Give again exactly the lines that run from the start of the records to the line holding "2017-18 Panini Dominion", both ends counted. Do not include the pictures.

[Image-caption web data]
---+---

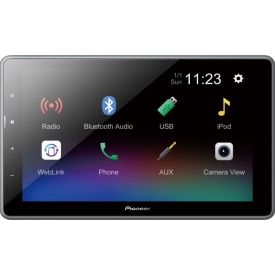 Central Multimídia Pioneer Receiver Com Tela Flutuante 9” Bluetooth Dmh-Af555bt - 2-DIN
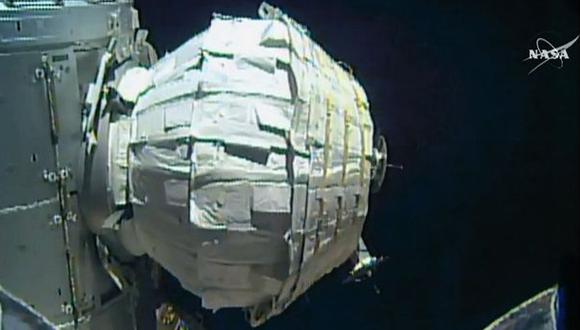 La NASA desplegó con éxito su módulo espacial inflable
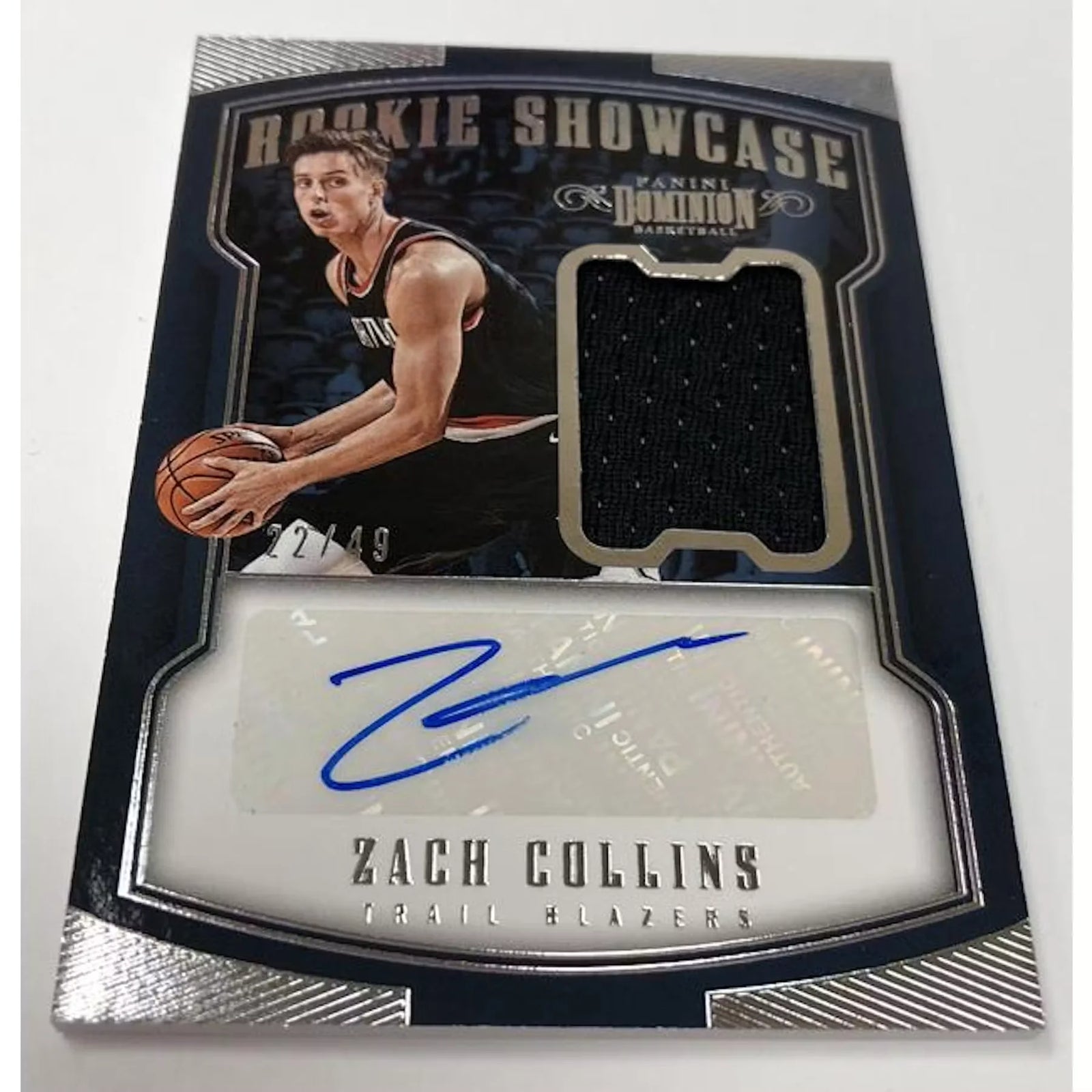 2017-18 Panini Dominion Basketball Hobby Box | Three Autos Per Box (Ships Sealed Only)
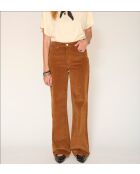 The Jagger Velvet camel katoenen jeans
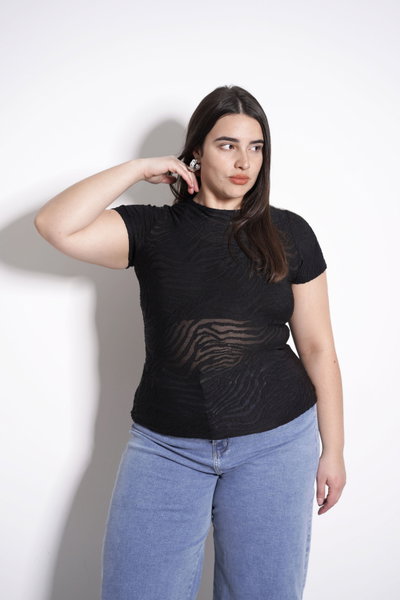 Remera Zebra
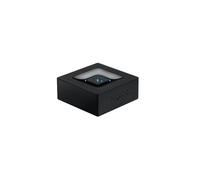 Logitech Récepteur Audio Bluetooth 3.0 A2DP, portée 15m, sortie 3.5mm/RCA, alimentation secteur, 50.8x57.1x22.3mm, noir, réf. 980-000912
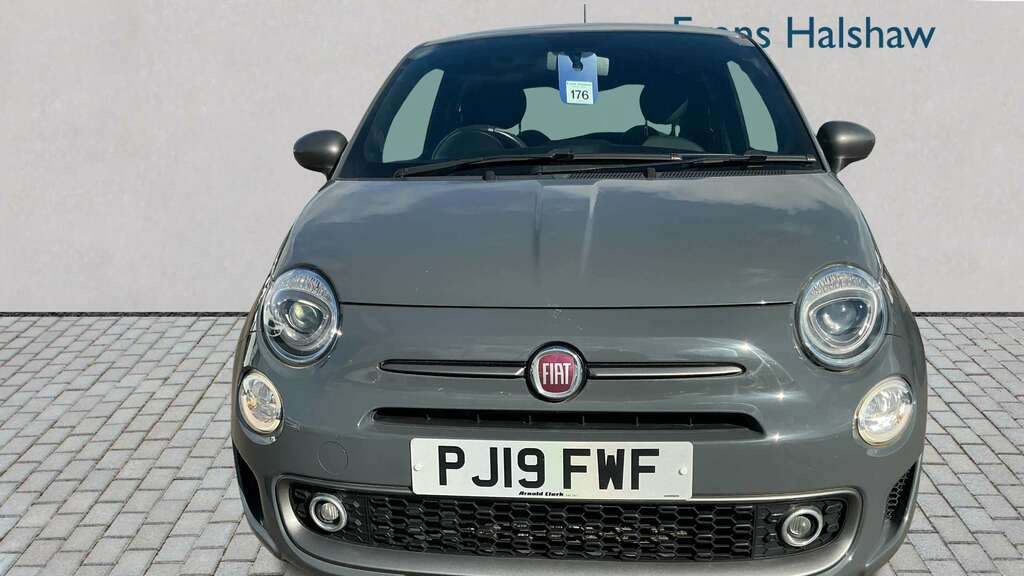 Fiat 500 1.2 S 2019 Grey #5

---+---

#### ANSWER TO THE EXERCISE:
 Central Multimídia Pioneer Receiver Com Tela Flutuante 9” Bluetooth Dmh-Af555bt - 2-DIN
 La NASA desplegó con éxito su módulo espacial inflable
 2017-18 Panini Dominion Basketball Hobby Box | Three Autos Per Box (Ships Sealed Only)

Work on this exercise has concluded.